**** PROVIDED INFORMATION ****
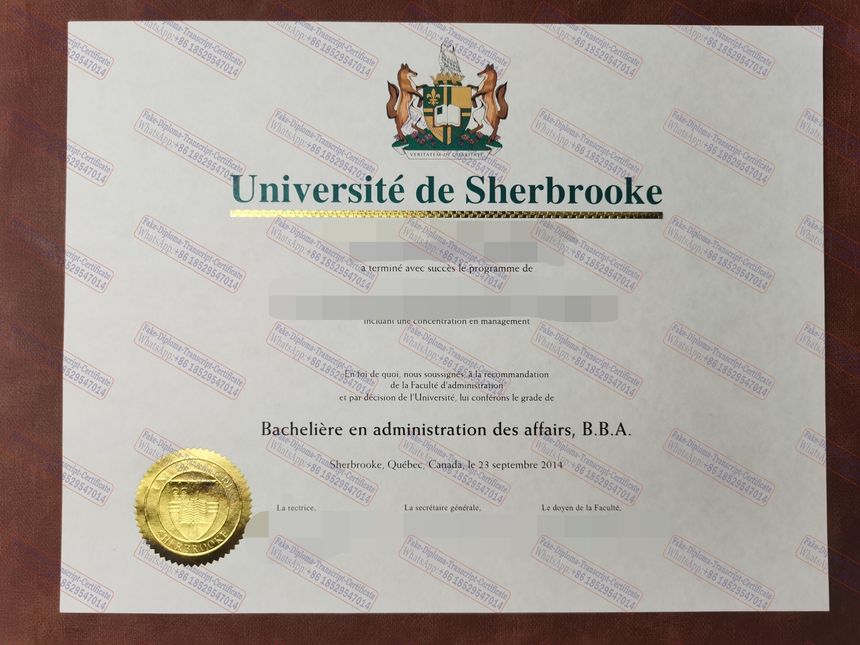 How to create fake University of Sherbrooke Certificate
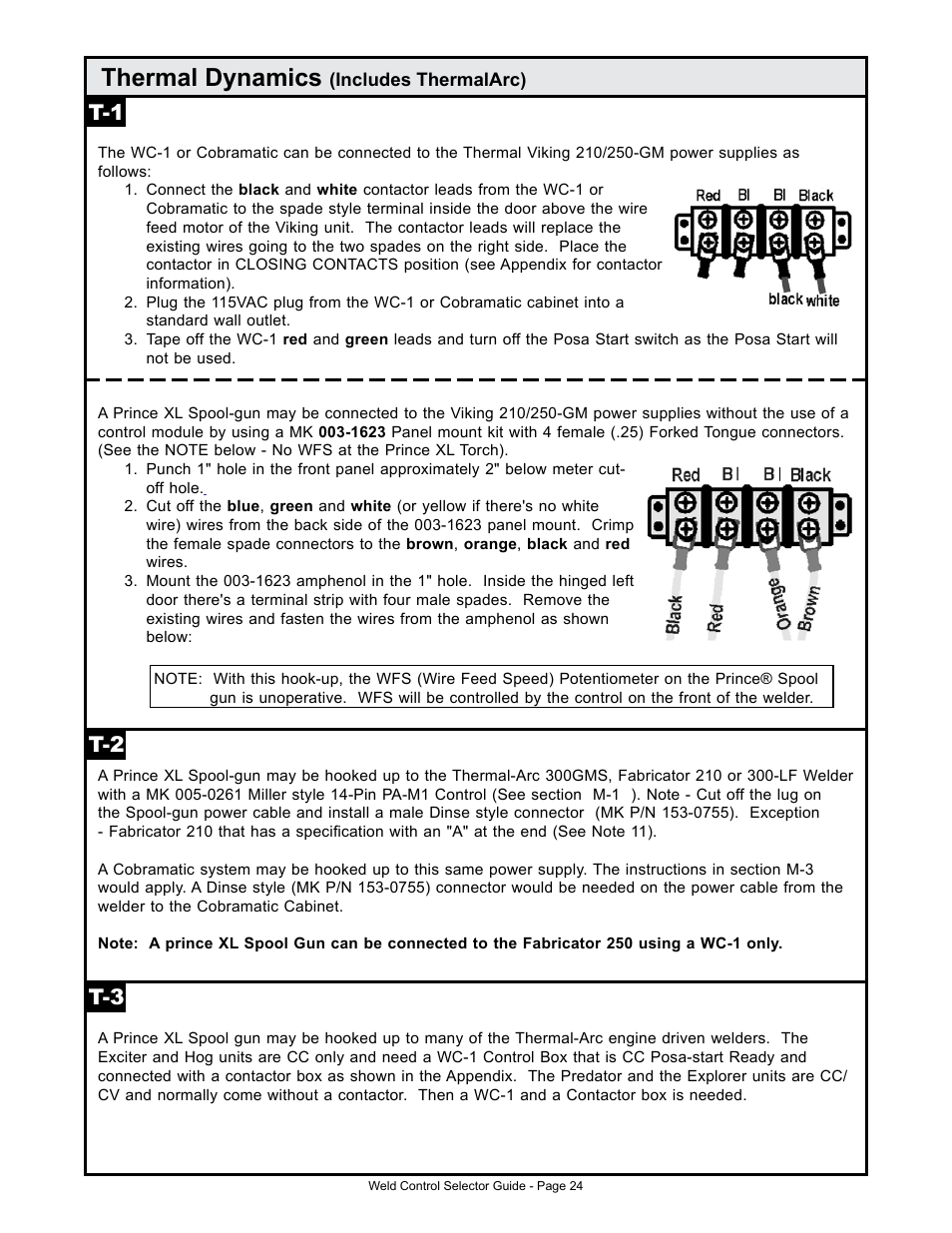 Thermal dynamics, T-2 t-3 | MK Products Weld Control User Manual | Page 31 / 45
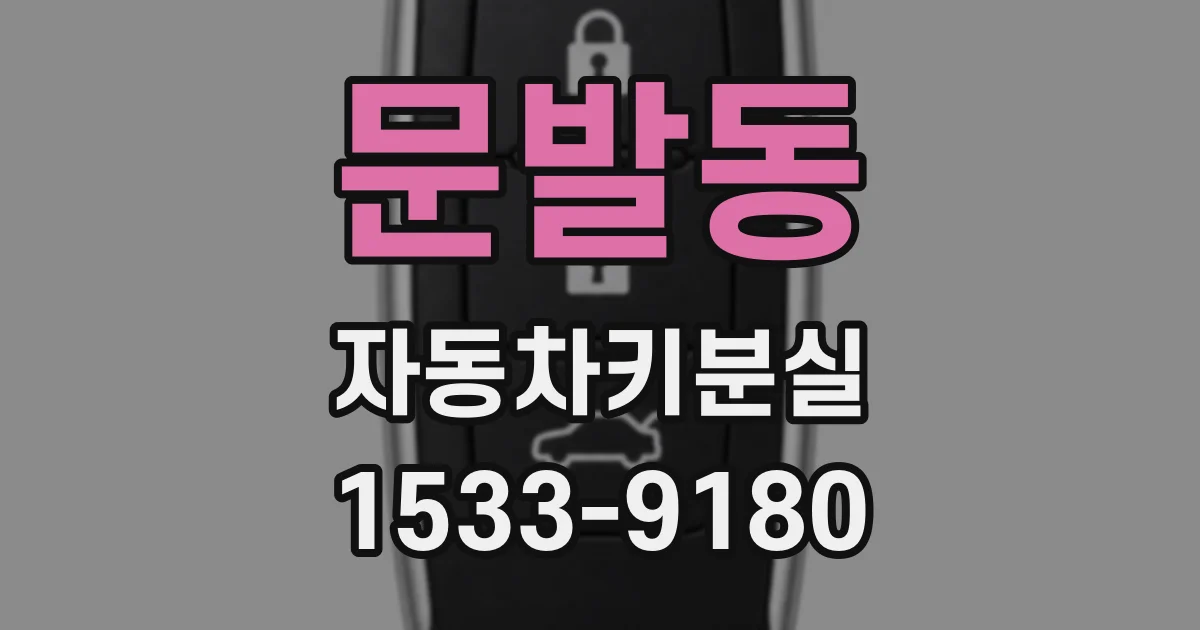 문발동 자동차키분실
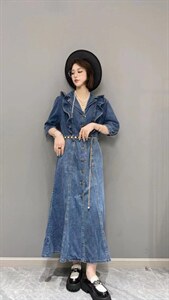 夏季牛仔连衣裙图片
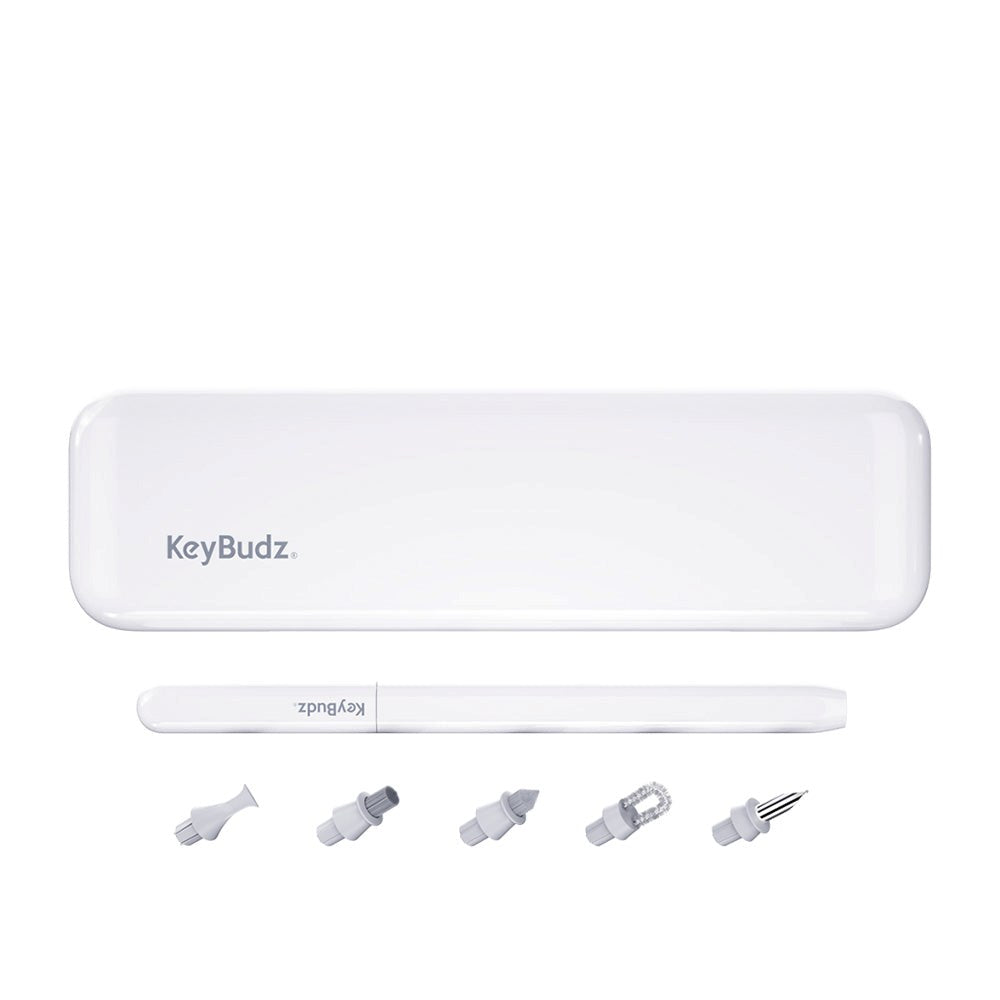 KeyBudz AirCare 2.0 Premium Cleaning Kit for AirPods & iPhone - White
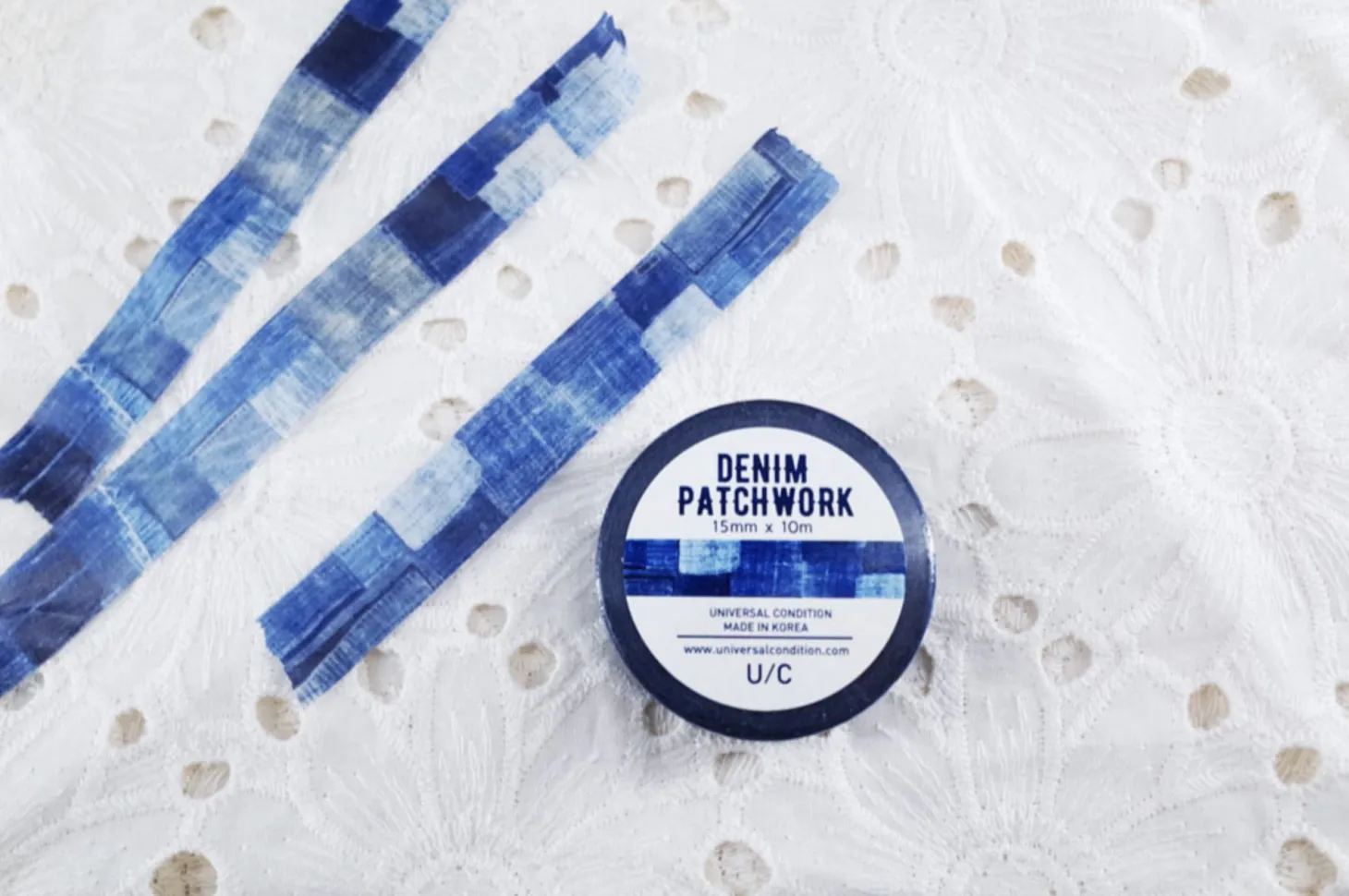 Denim Patchwork Masking Tape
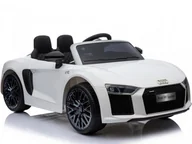 Pojazdy elektryczne dla dzieci - Super-Toys NAJNOWSZY ORYGINALNY AUDI R8 NA LICENCJI MIĘKKIE SIEDZENIE, MIĘKKIE KOŁA SUPER JAKOŚĆ/AUDI R8 AUDI-R8-BIAŁE-PL - miniaturka - grafika 1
****
→ INSTRUCTIONS TO FOLLOW: Pictures are to be left out; otherwise, retype exactly the lines from the first line of the data through the line containing "Denim Patchwork Masking Tape".

→ YOUR RESPONSE:
 How to create fake University of Sherbrooke Certificate
 Thermal dynamics, T-2 t-3 | MK Products Weld Control User Manual | Page 31 / 45
 문발동 자동차키분실
 夏季牛仔连衣裙图片
 KeyBudz AirCare 2.0 Premium Cleaning Kit for AirPods & iPhone - White
 Denim Patchwork Masking Tape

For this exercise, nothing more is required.